Despite all of the training we men went through in high-school and/or college, goofing off is hard to do once you’re “Dad.”  Giving lectures, imparting advice, and teaching lessons: these things seem to come naturally for all parents.  It’s like we flip on some “over the hill” switch when we become parents and start to say things we’ve never said before—sometimes even sounding eerily like our own parental units.  What really sets Dads apart from one another is not the time they spend disciplining their kids, but rather, it may be their ability to effectively goof off with their kids.  Good humor and fun times aren’t just needed by our wives; kids need them too!  In fact they’re needed more by the kids than our wives.  They’ve heard and seen all our jokes and tricks a thousand times by now anyway.

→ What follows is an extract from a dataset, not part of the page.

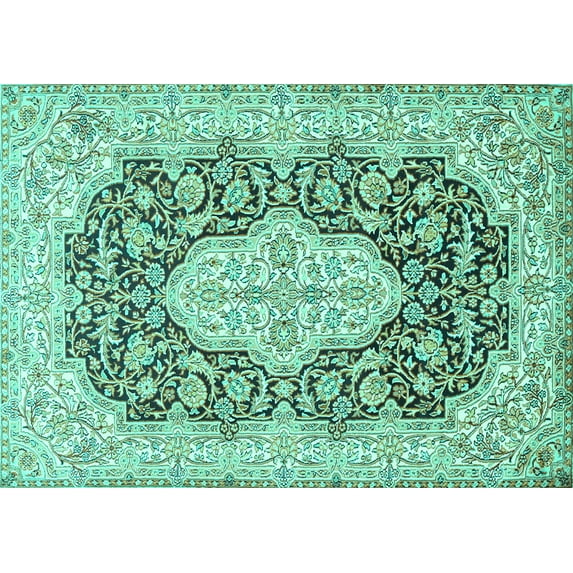 Ahgly Company Indoor Rectangle Medallion Turquoise Blue Traditional Area Rugs, 5' x 7'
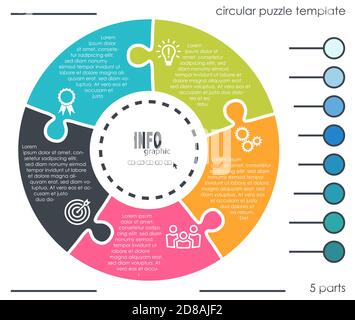 EPS 10 vector file for business info graphic template designs, team work concepts and data information with five process options Stock Vector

You can almost always spot a fun Dad in a crowd.  His focus is on giving a good time to his kids.  Because of his wacky ways, he’s a virtual clown in Dockers and a Polo shirt.  He’s the one making faces to his four-year old in the middle of the Wal-Mart checkout line..  He’s the one doing the fake separated thumb trick for the tenth time that vacation to Florida, and the kids still trying to do it themselves in imitation of him.  He’s the one playing hide and seek in the mall while his wife rolls her eyes knowing she’s got one more kid to straighten out that night.